He is survived by his wife of 36 years, Sarah Bullard Steck; four daughters; Katherine, Ashley Austin, Vanessa, and Nicole; beloved grandson, Langston; and an older brother, Tom.
His activism against the Vietnam War was an important part of his early adulthood and he remained politically engaged throughout his life. He was drafted late in the war and joined Vietnam Veterans Against the War after his return. He remained involved with VVAW throughout his life. In 2014, the Department of Veterans Affairs formally acknowledged the role of Agent Orange in the multiple cancers that recurred throughout his 60s and ultimately led to his death.
Steck returned to CC many times to teach philosophy and in the First-Year Experience program. His longtime colleague, Bob Lee of the Political Science Department, remembers him fondly.

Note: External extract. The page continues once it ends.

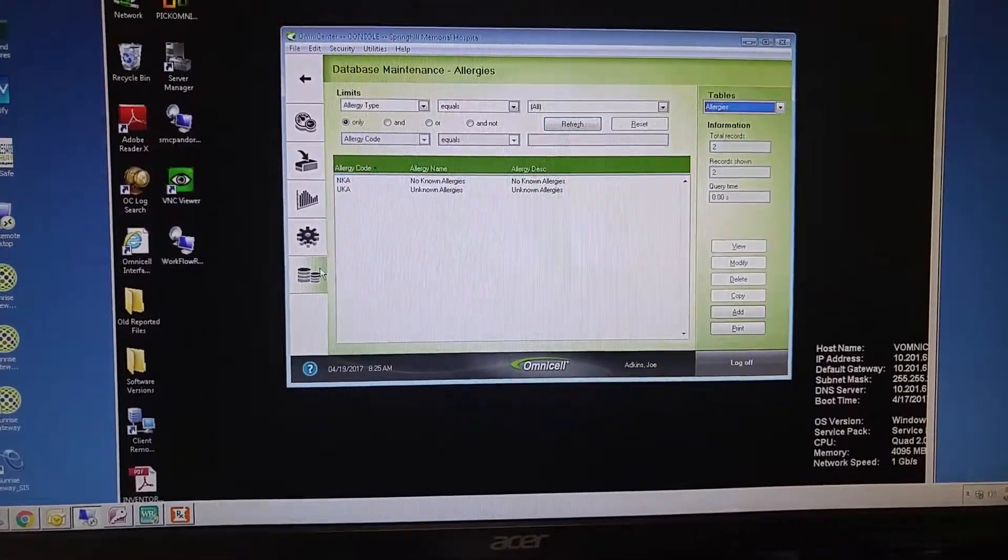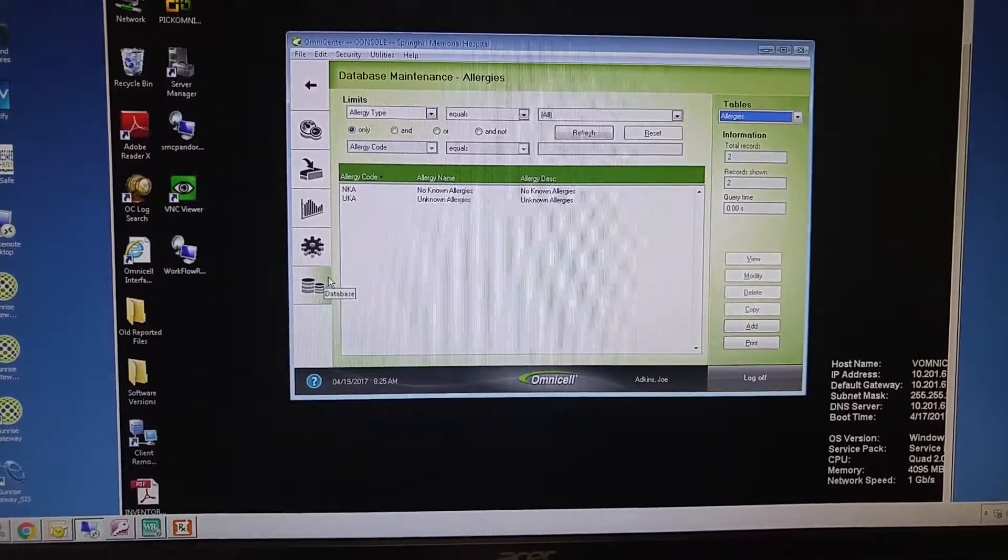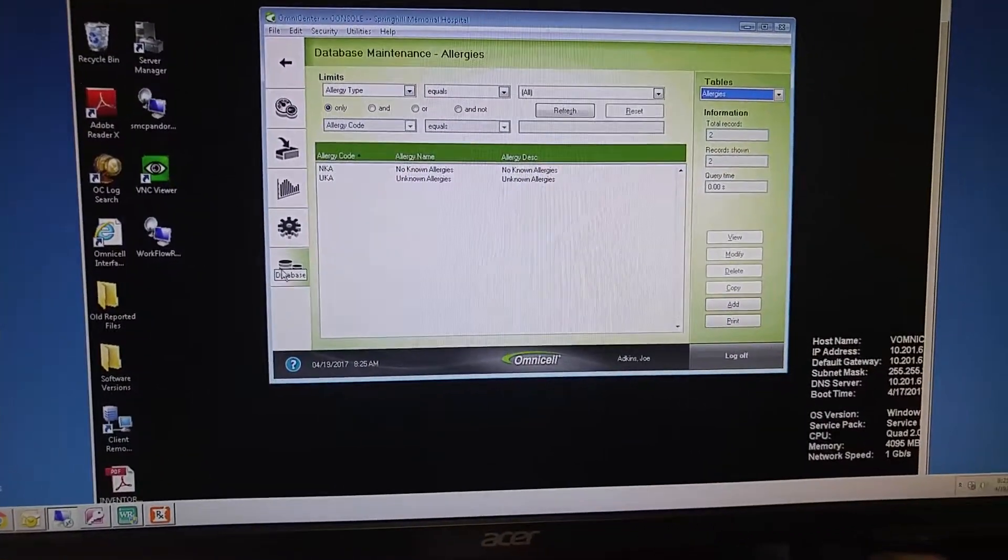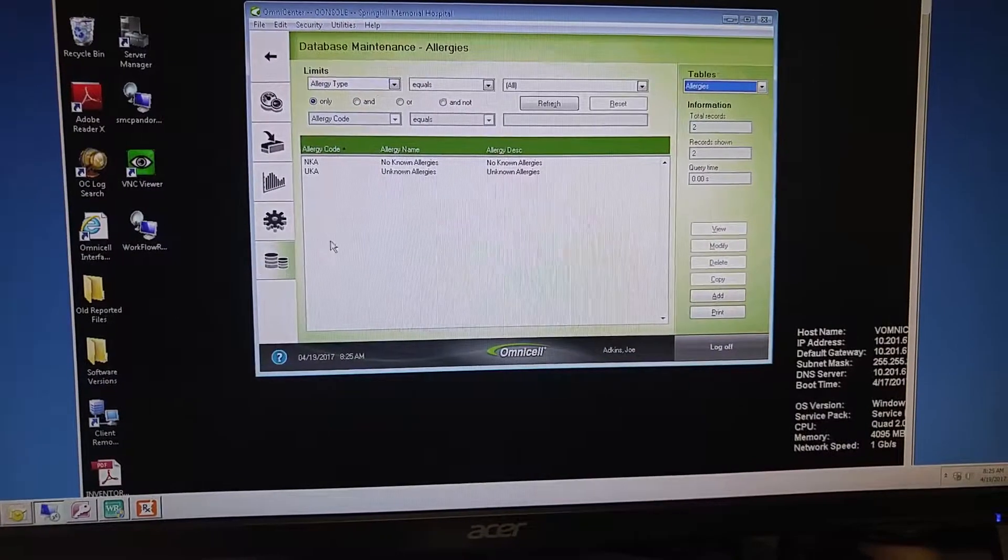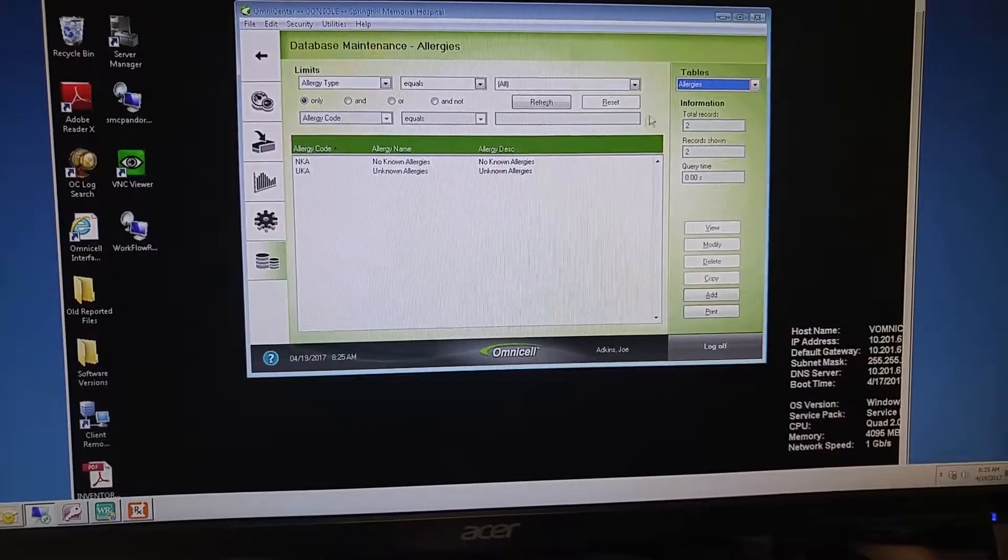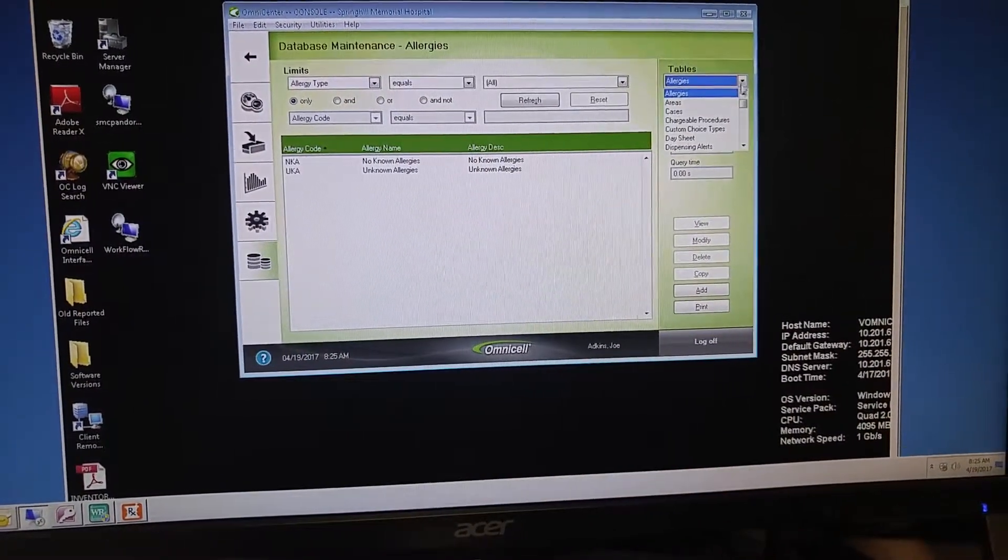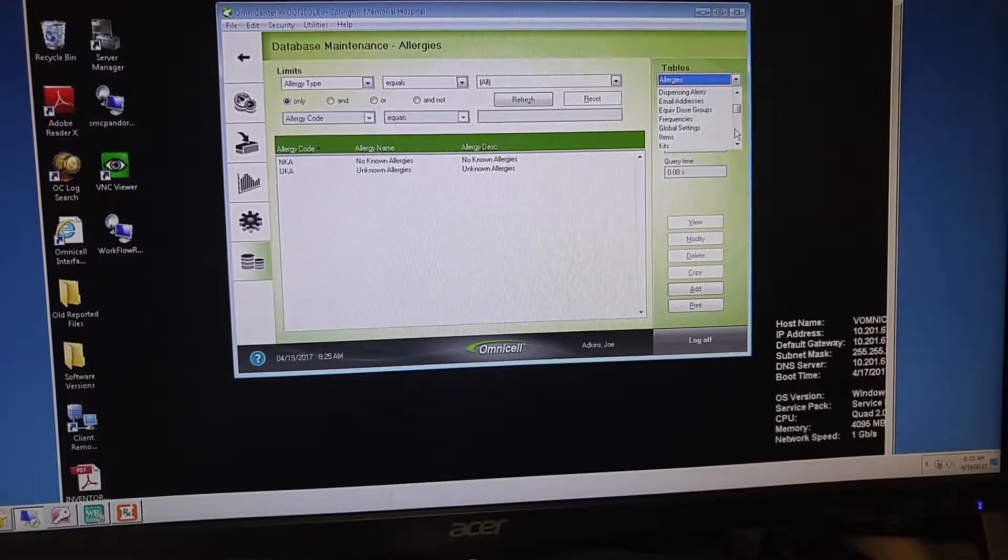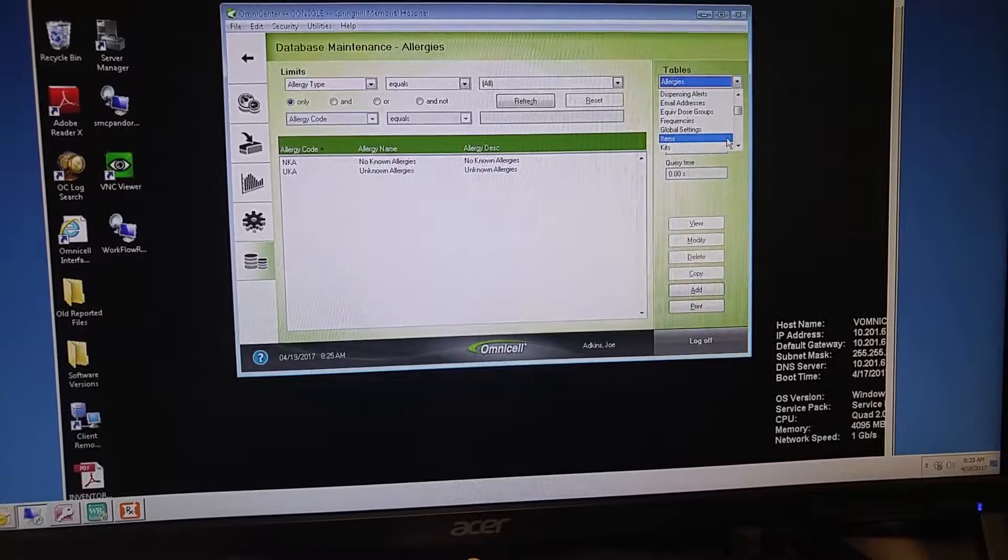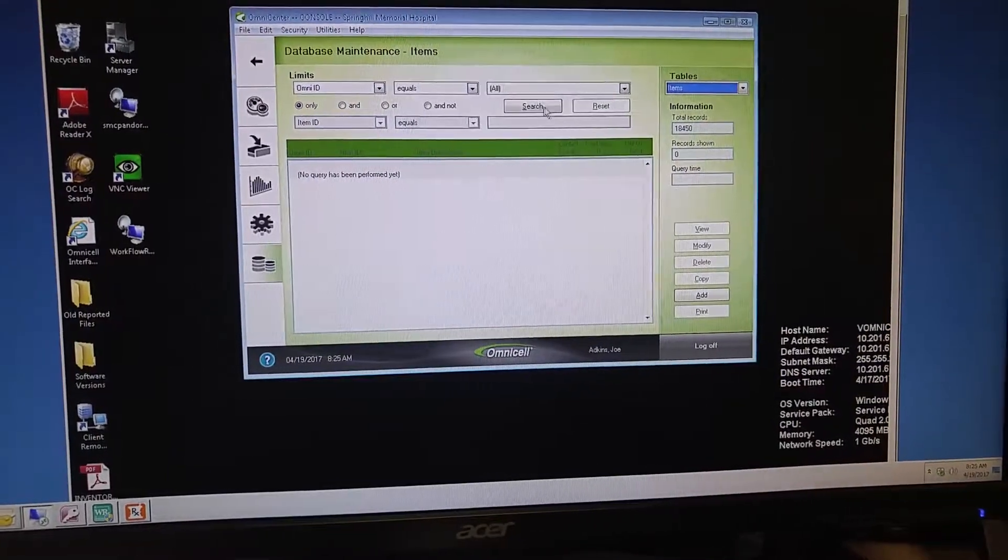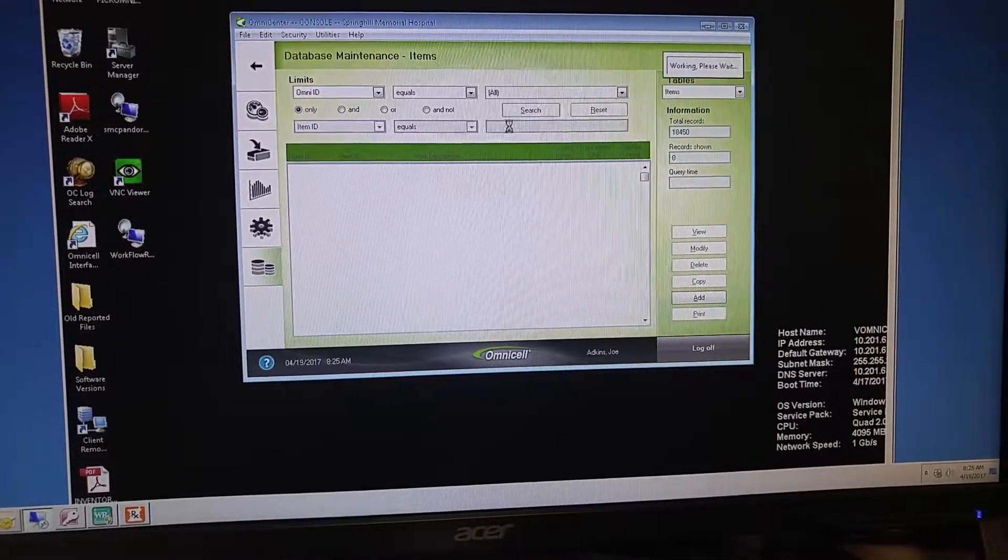So the way to add a new barcode is click on this Database tab, and then in the top right, scroll down to Items, and then hit Search.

“When Bob came to teach courses at Colorado College, he gave every ounce of his energy and every moment of his time to the project. If he had a batch of student papers to read, he would forego a sightseeing trip or even an invitation to dinner. What he would not pass up was a visit to the exercise machines in the recreation center. Even when struggling with disease and discomfort, he could not survive, he said, without his daily exercise. I suppose that was one reason he was able to hold off one dire health threat after another. He loved teaching, had great respect for his students, and kept contact with several of them beyond graduation,” Lee said.